TASK TO CARRY OUT → Output exactly the lines that come between the start of the material and the line containing "Map of world", both ends included, with the pictures omitted.

PROVIDED DATA →
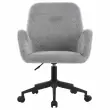 2 Fauteuils Tissu gris pi&eacute;tement &agrave; roulettes mont&eacute;s 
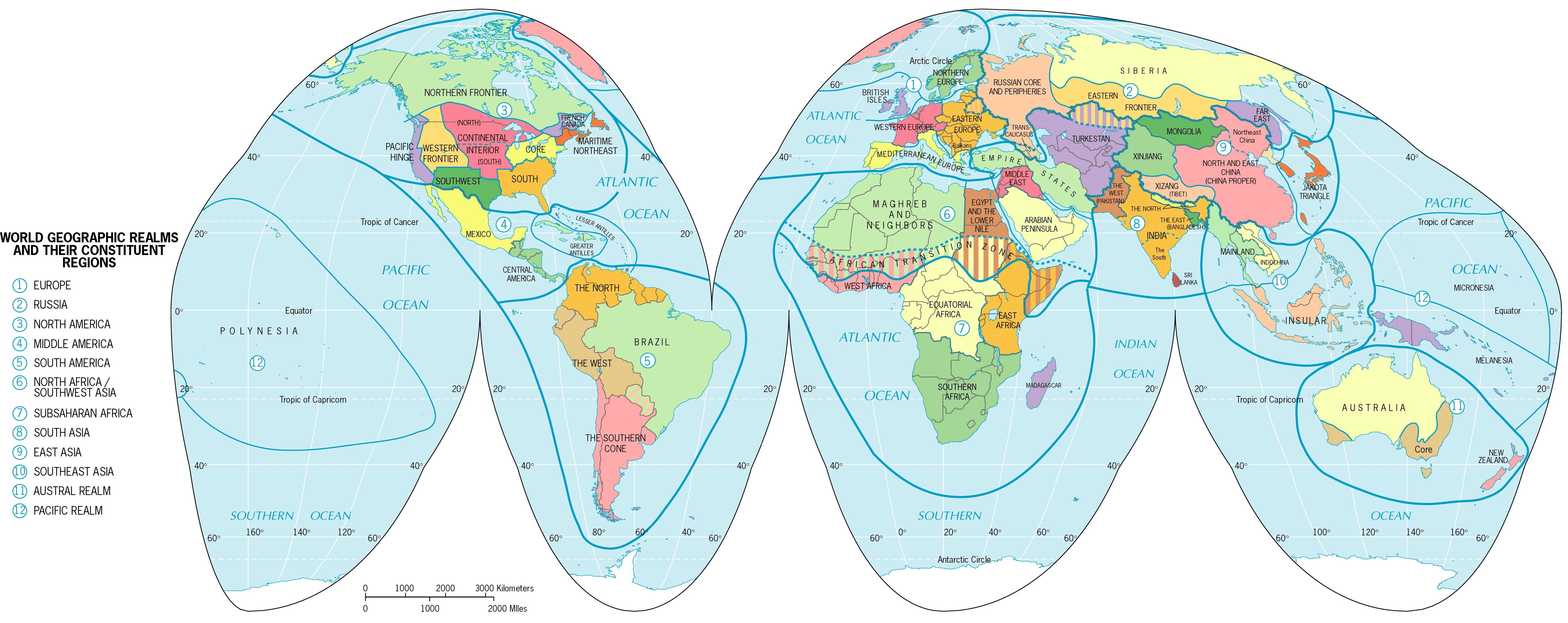 Map of world geographic realms and their constituent regions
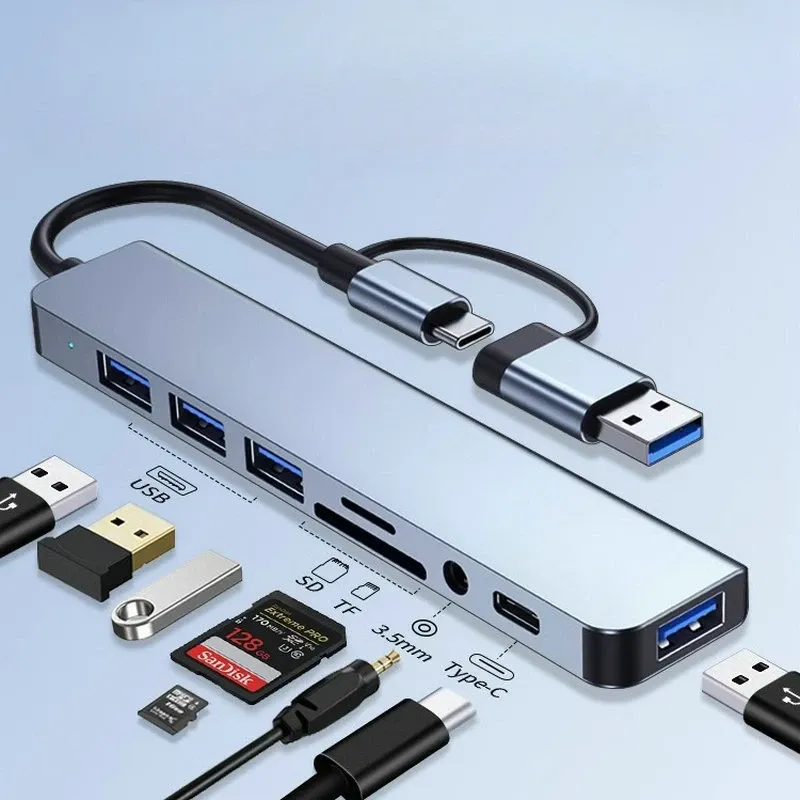 Station d'accueil USB 8 en 2 avec lecteur de carte SD/TF et adaptateur USB-C vers USB OTG pour tablette, smartphone et ordinateur 5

ANSWER FOR THIS EXERCISE →
 2 Fauteuils Tissu gris pi&eacute;tement &agrave; roulettes mont&eacute;s 
 Map of world geographic realms and their constituent regions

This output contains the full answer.